• Activity
Please repeat, exactly as written, the line containing "Краб для волос, голубой Tais" and every line after it through the end of the records below, leaving out any pictures.

• Data to process
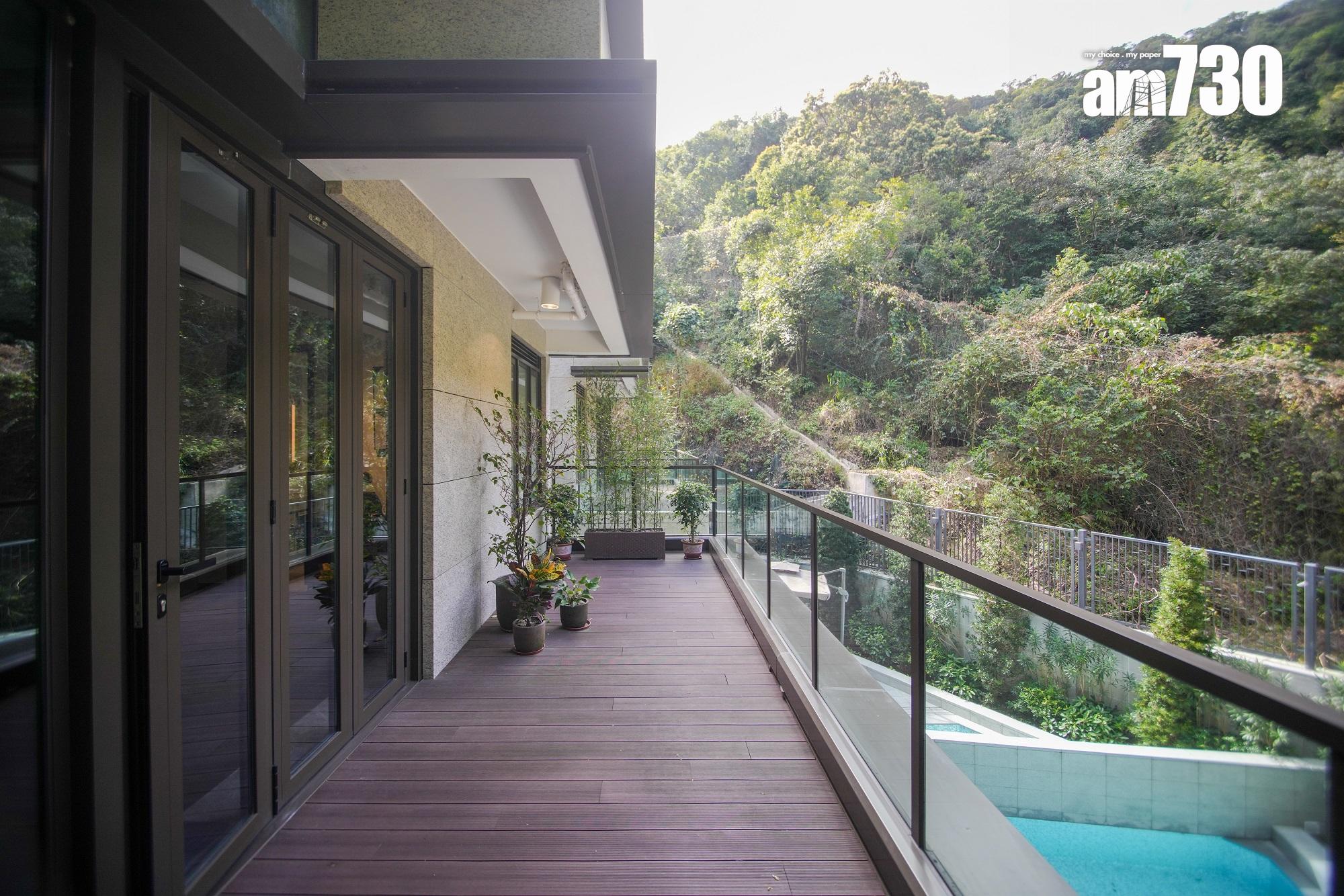 豪宅新盤｜畢架．金峰3400方呎洋房曝光！客廳空間闊落 擺到美式桌球檯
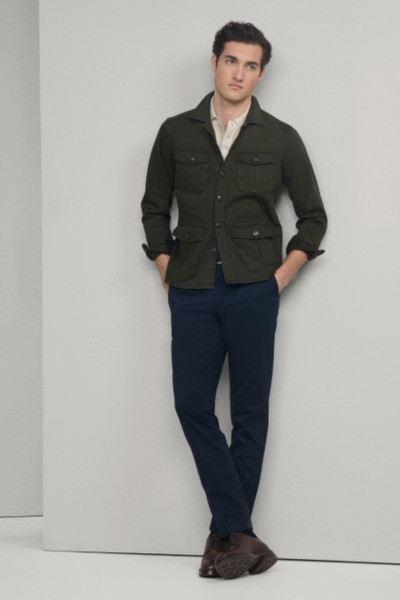 NOHAVICE HACKETT LONDON C CHINO KENSINGTON - Fotografia č. 8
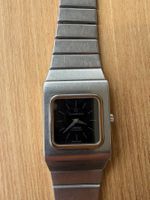 Damenuhr Omega Constellation 70er Jahre, Edelstahlarmband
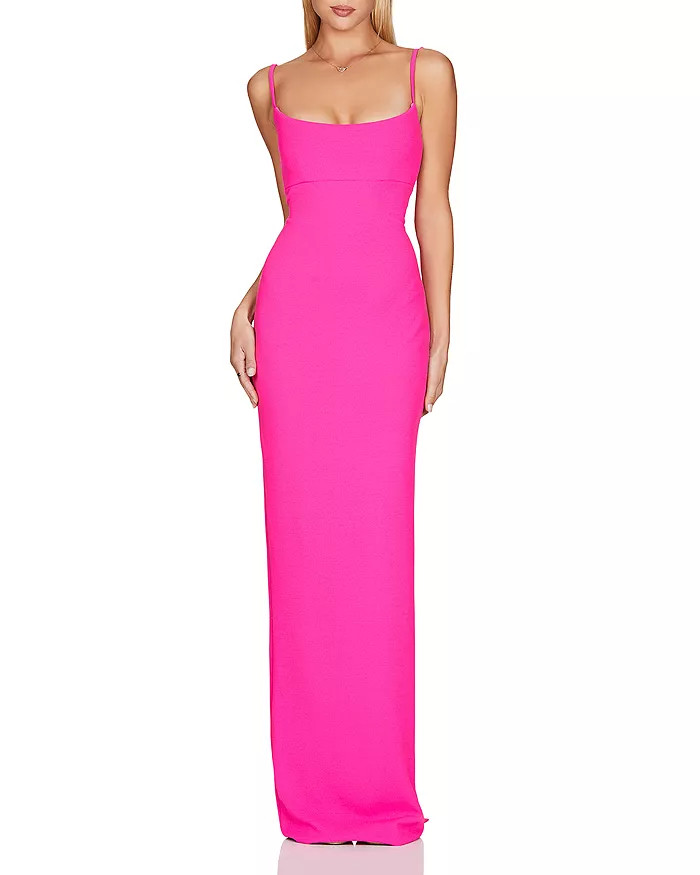 Bailey Column Gown | Bloomingdale's (US)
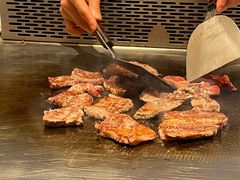 稀有部位眼肉-赤坂亭·M9和牛烧肉·铁板烧·日料398放题(长泰广场店)
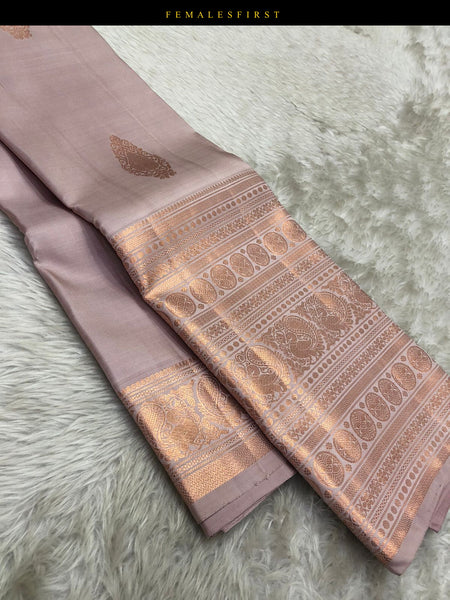 Kanjivaram Silk Sari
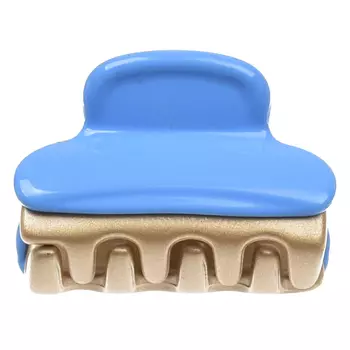 Краб для волос, голубой Tais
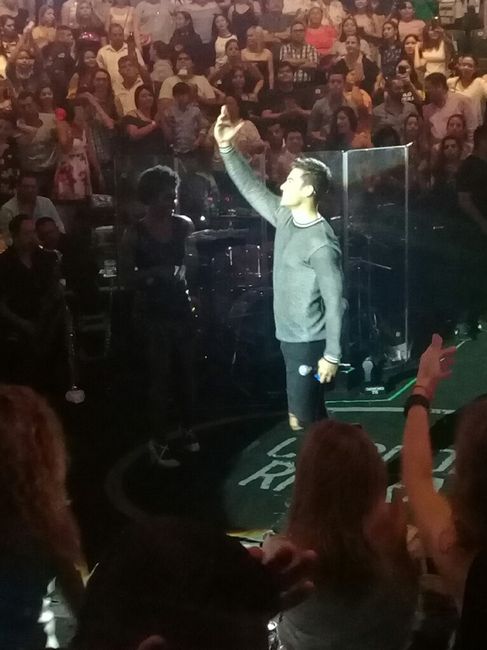 Despedida con Carlos Rivera 🎤 - 4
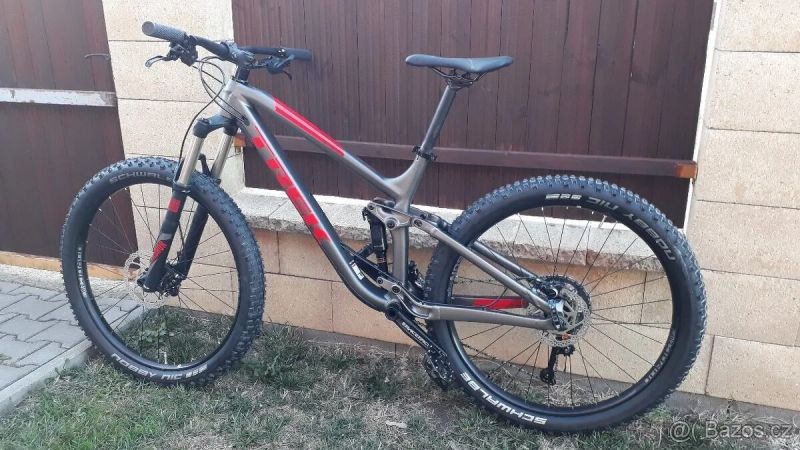 Trek Fuel ex 5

• Task answer
 Краб для волос, голубой Tais
 Despedida con Carlos Rivera 🎤 - 4
 Trek Fuel ex 5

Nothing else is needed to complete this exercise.